This directory, paral, contains tests which exercise parallel
features of the ABINIT package.

Copyright (C) 1998-2009 ABINIT group (XG,LSi)
This file is distributed under the terms of the
GNU General Public License, see ~abinit/COPYING
or http://www.gnu.org/copyleft/gpl.txt .
For the initials of contributors, see ~abinit/doc/developers/contributors.txt .

=============================================================================

Most of these tests are designed primarily to exercise parts of the code
quickly, NOT necessarily to give physically sensible results.
For tests of correctness, see the Tutorial directory.
For greater speed, some tests are not run to full convergence.
Also the quality parameters (especially ecut) are minimal, i.e.
the calculations are underconverged.

Tests A, B, D, E, H, I, J, and K are NOT intended to be used as a measure of the
parallelisation speed-up : they contain too much initialisation.
Tests C, F, G, M and N should be OK for some speed-up testing : they are more
realistic than the others.
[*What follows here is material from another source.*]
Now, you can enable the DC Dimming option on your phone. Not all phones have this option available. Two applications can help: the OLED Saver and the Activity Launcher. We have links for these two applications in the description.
They represent the case of a large number
of k points. In this respect, test C could be modified, to have a still finer
grid of k points (ngkpt and nkpt should be changed).
Also, one might test localrdwf=0 as well as localrdwf=1

WARNING : test F and G use outputs of test C, so test C must be run
before being able to run tests F or G. One run of test C is enough
to initialize all further uses of tests F and G in the same test directory.

Test "kpoints+spin" is intended to serve for speed-up testing. Its use is
explained in the latest part of this file.
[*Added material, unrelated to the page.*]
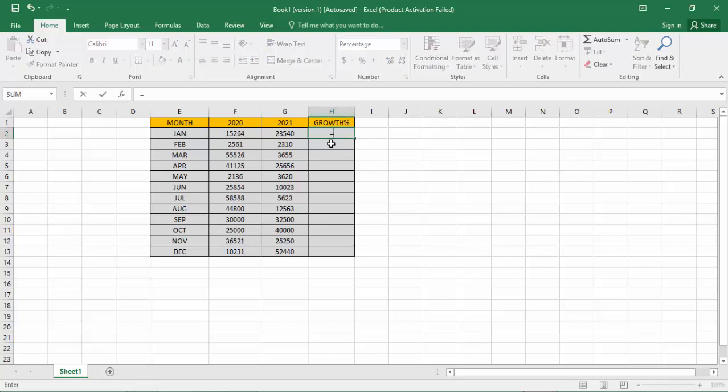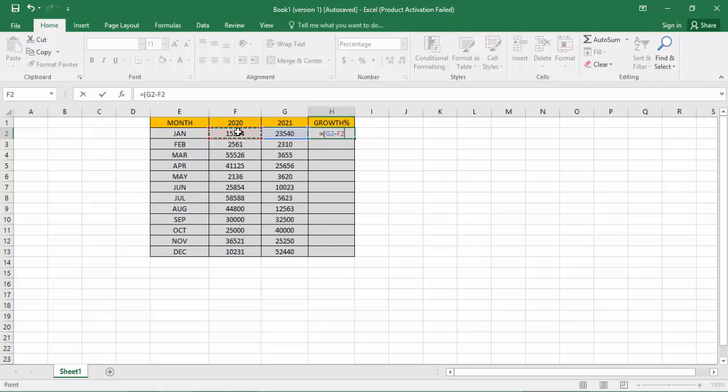And first bracket close, then slash 2020, select. Now keyboard press from the Enter. That's okay.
==============================================================================

To run these tests :

1. Submit the 'Run' script. See the header of the Run file, for a
   description of the procedure.
   The script 'Run' will create a subdirectory with the name_of_machine and the
   date, where all the results will be placed.
   Beware : only some machine names are allowed, since for each machine
   the procedure to launch parallel execution is different !!

2. In the directory so created, you will find for each test case that you have
   run, a log file (with the name of the test case), an output
   file, but also a 'diff.xxx' file, automatically created by making
   a 'diff' with respect to the "Refs" subdirectory output files.
   It contains output files from a recent version of the code.
   There may be large differences in timing but there should only
   be minor differences in the output of physical quantities.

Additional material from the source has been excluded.